The most important appears to be scientific discoveries related to nutrition that were being uncovered rapidly by the beginning of the twentieth century, from Chapter 2 of the Agriculture Health Bulletin No. (AIB 750) entitled "Dietary Restrictions and How They Have Changed Over Time",
When the U.S. Department of Agriculture (USDA) published its first dietary recommendations in 1894, specific vitamins and minerals had not even been discovered. Since then, researchers have identified a number of vitamins and minerals that are essential to health, and have determined the minimum levels required to prevent nutritional deficiencies such as scurvy and beriberi. Food policies such as iodine fortification of salt and the enrichment of flour products with B-vitamins together with consumer education, have eliminated many nutritional deficiencies in the United States. With the elimination of many nutritional deficiencies and improved control over infectious diseases, chronic diseases such as heart disease, cancer, and stroke have become more prevalent causes of death. Nutrition research began to focus on the connection between excessive consumption of certain dietary components fat, saturated fat, cholesterol, and sodiumand the risk for chronic health conditions. More recently, research has expanded to other dietary components such as dietary fiber and antioxidants, and the role that low consumption levels of these may play in the development of certain chronic diseases. [Davis, Saltos 1999]
The last two sentences are important as much of the success of the nutritional guidelines came from both their utility (much of which, such as the food grouping remains unchanged to today), but initially also from food industry support.
USDA publications explicitly encouraged consumers to choose foods from the full range of U.S. farm products, believing that increased consumption of U.S. agricultural products would improve the health of the general public. For nearly 35 years, the USDA received full support from the food industry when it came to the guidelines...Food industry support began to taper off in the mid-1950s to early 1960s when the focus of dietary recommendations began to shift from avoidance of nutritional deficiencies to prevention of chronic disease.
Obviously American farmers and the agricultural industry particularly liked the idea of "you need to eat all kinds of our products". When food became more plentiful after WWII and obesity more of a problem, health advice from the USDA started to change to reflect this (something that as a member of the millennial generation I find hard to understand. A government agency bucking private interest for the public good, what?).
The formal history of U.S. military nutrition research dates back to 1917, when the Surgeon-General’s Office established a Food Division for the purpose of “safeguarding the nutritional interests of the Army.” In the face of a possible world shortage of food during World War I, there was a need to conserve food. The U.S. Food Administration had received complaints from civilians who had observed food wastage at military training camps. In response, the Food Division instructed that nutritional surveys should be conducted to assess food requirements and economy...Military nutrition research effectively came to a stop during the years between WWI and WWII. However, the League of Nations, first established in 1919, became actively engaged in the study of nutrition after World War I (Harper, 1985).
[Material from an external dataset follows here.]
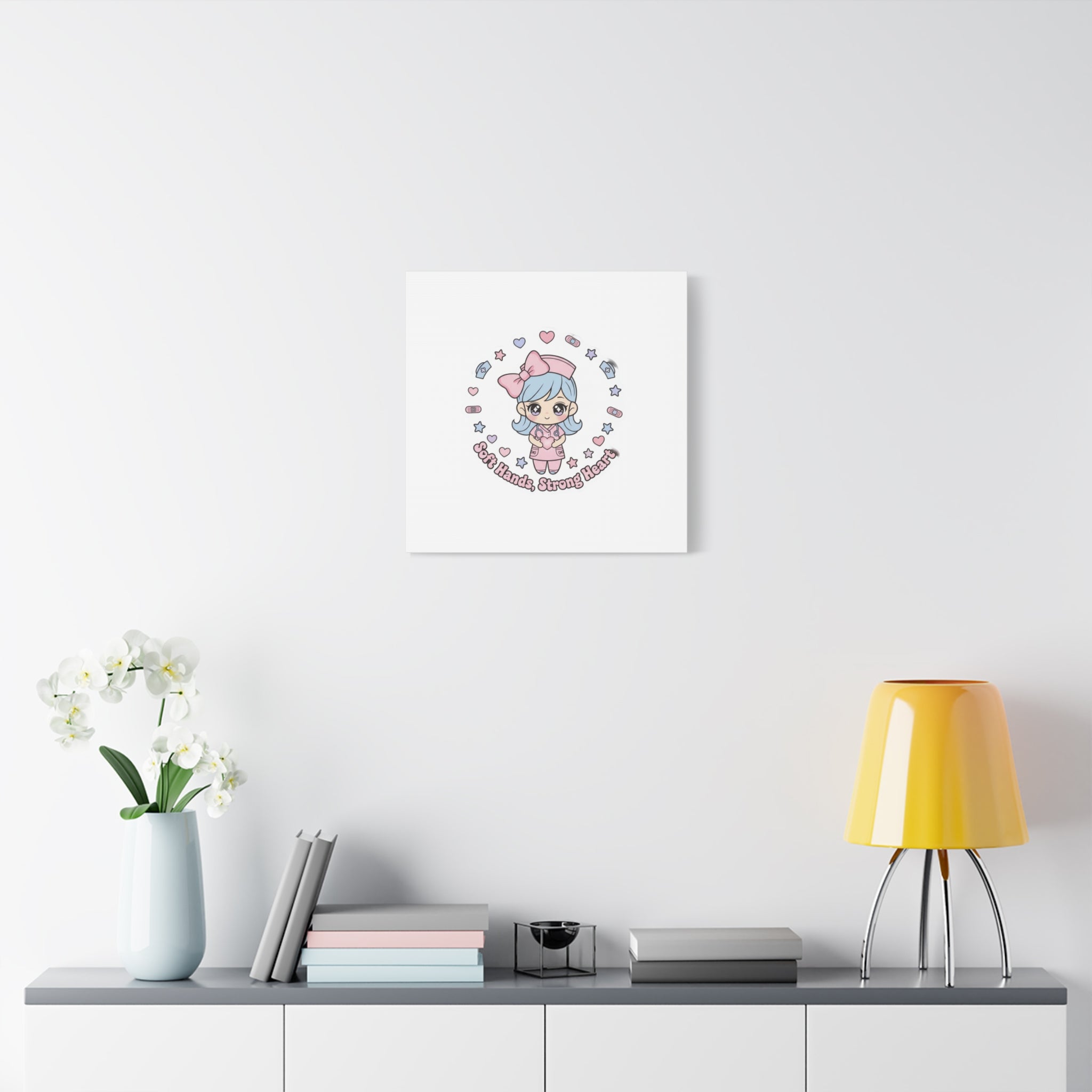 Cute Nurse Kawaii Graphic Canvas | Pastel Coquette Medical Art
So from what I can tell there are several motivating and interacting factors:
Military interest in developing efficient foodstuffs for supplying a large army far away from the homeland. This extends as well to ensuring that the working population in the homeland during wartime is healthy despite food shortages.
The economic interest of American agricultural companies and farmers many of whom stood to gain from a more diversified American diet.
The national interest in having a healthier and more productive population that leads happier lives with less medical costs.
According to "Generations" by (the late) William Strauss and Neil Howe, an important factor was the concurrent birth of the so-called World War II generation (1901-1924). Elders of their day, in connection with the new century, wanted to create a better nourished, protected, (and educated) group of children than what they themselves were, using the latest nutritional technology discovered in the 1890s. The result was that this generation grew nearly an inch taller (on average) than their parents, giving them a height advantage over the Nazis (and Japanese) in World War II. This concern, in turn, had been stoked by America's fear of war stemming from World War I.
A second impetous was the publication of Upton Sinclair's 1906 book, "The Jungle", about Chicago meat-packing plants that was "aimed at America's heart and hit its stomach instead." This and other publications got America to thinking about the quality of its food, just about the time other early "environmentalists" like President Theodore Roosevelt got America to thinking about the quality of the air and water. In any event, all of the above was the product of a "turn of the century" reform movement.